---------- DATA SECTION

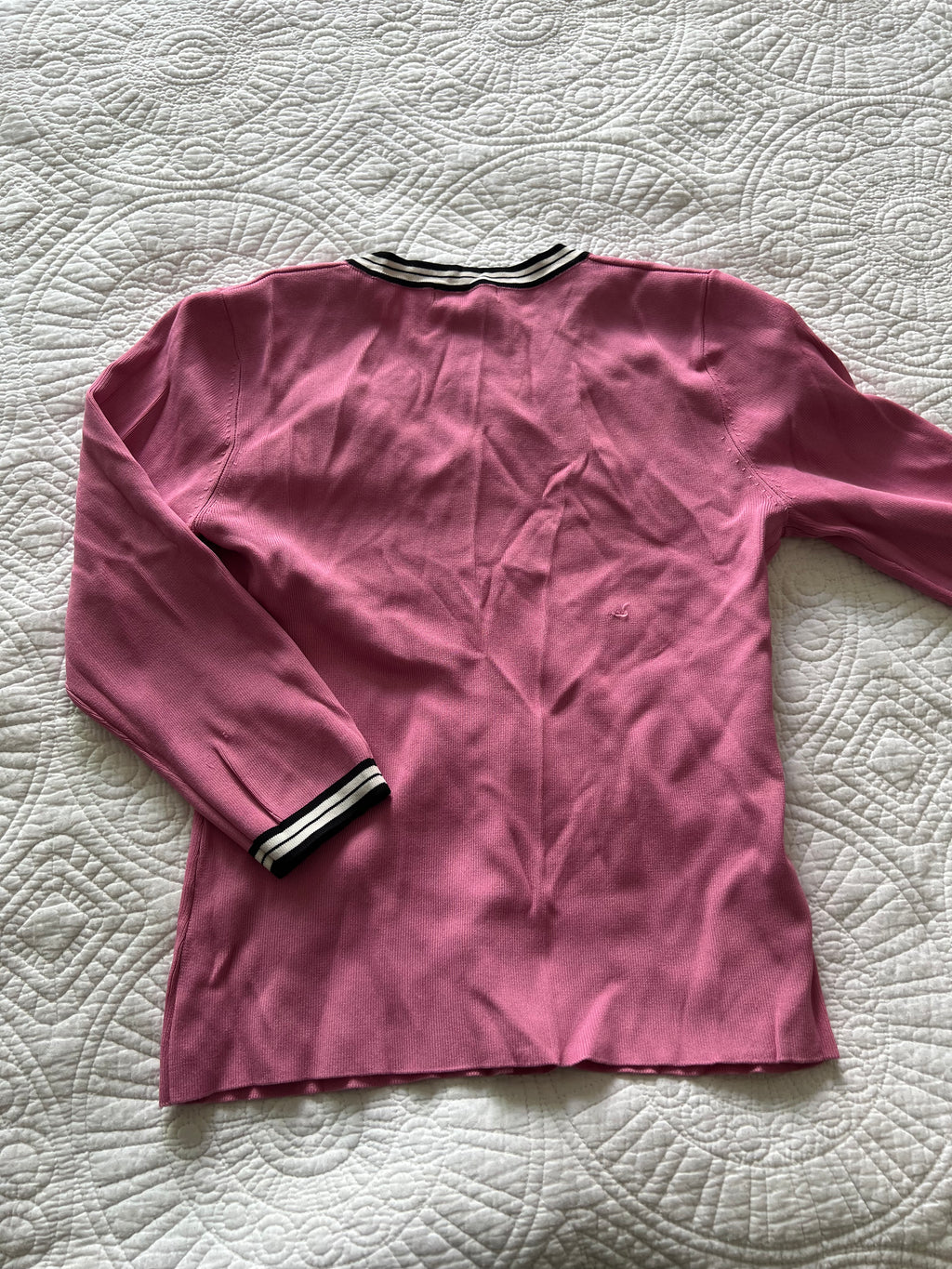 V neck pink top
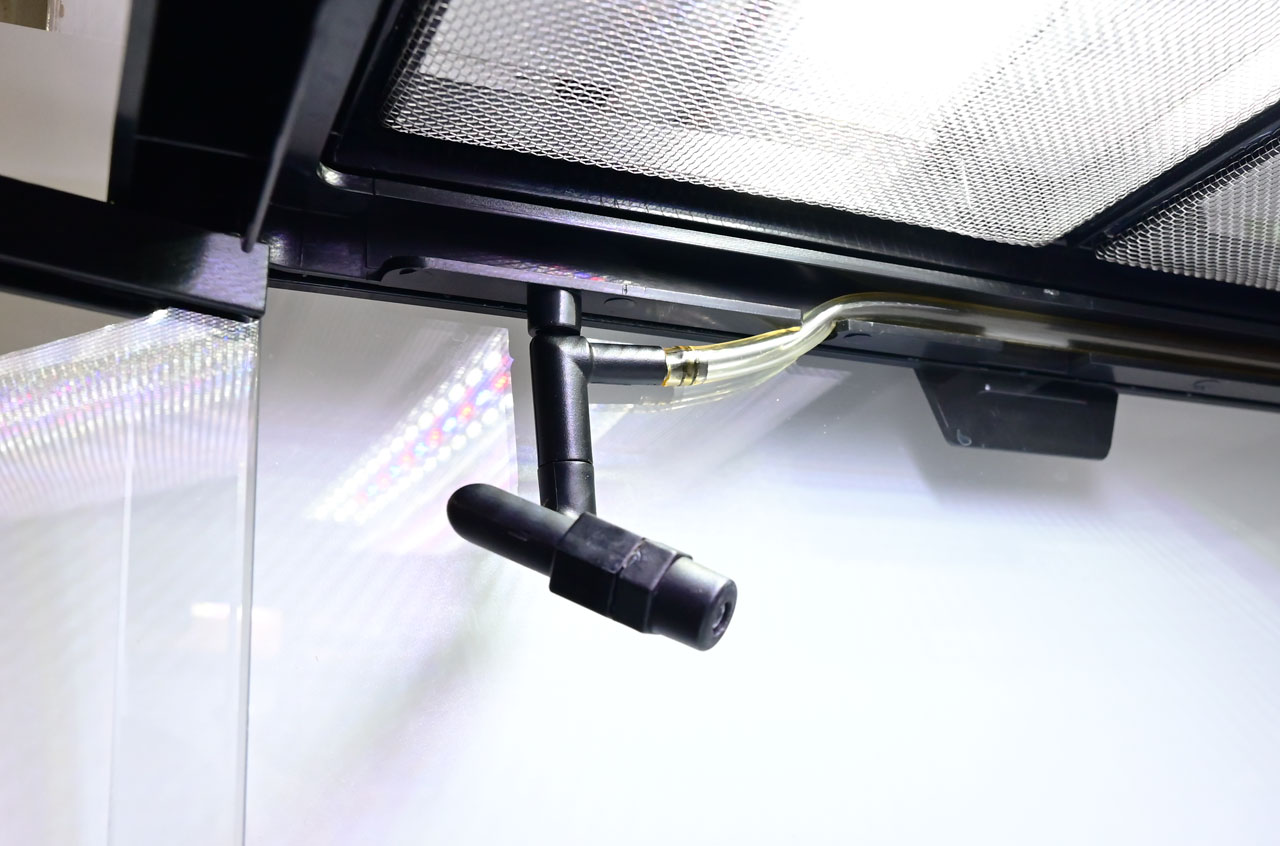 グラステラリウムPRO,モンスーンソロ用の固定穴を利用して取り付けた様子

--------------------
---------- DATA SECTION

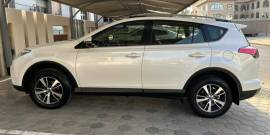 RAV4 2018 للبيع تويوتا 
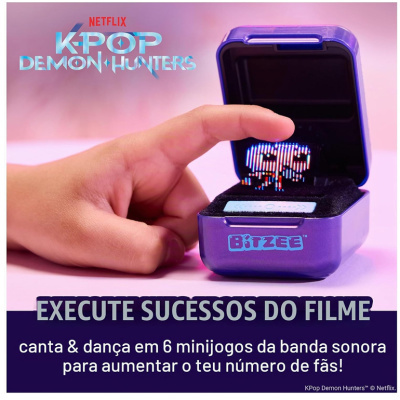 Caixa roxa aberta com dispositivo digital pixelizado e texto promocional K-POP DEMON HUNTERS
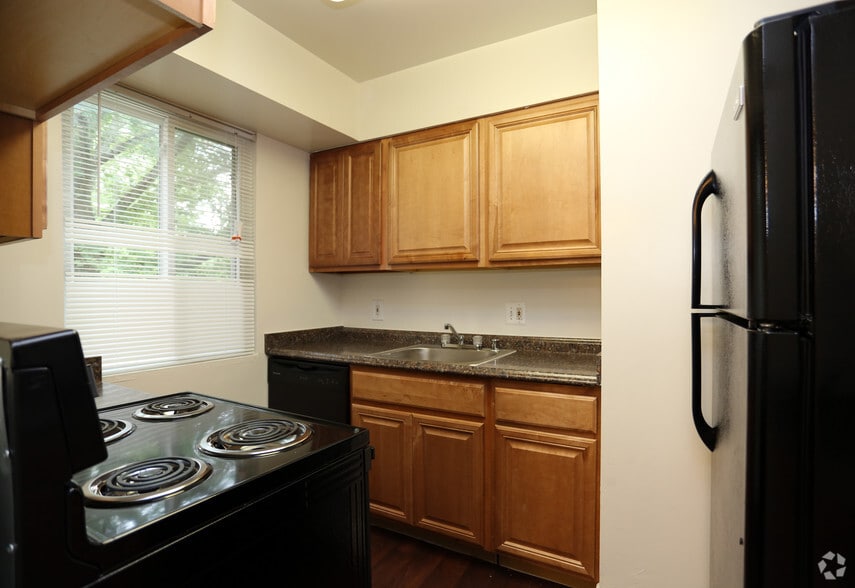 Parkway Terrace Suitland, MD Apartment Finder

--------------------

WHAT IS NEEDED »
In the data above, find the line containing "RAV4 2018 للبيع تويوتا" and the line containing "Parkway Terrace Suitland, MD". Repeat those two lines and everything between them exactly, minus the pictures.

EXERCISE ANSWER »
 RAV4 2018 للبيع تويوتا 
 Caixa roxa aberta com dispositivo digital pixelizado e texto promocional K-POP DEMON HUNTERS
 Parkway Terrace Suitland, MD Apartment Finder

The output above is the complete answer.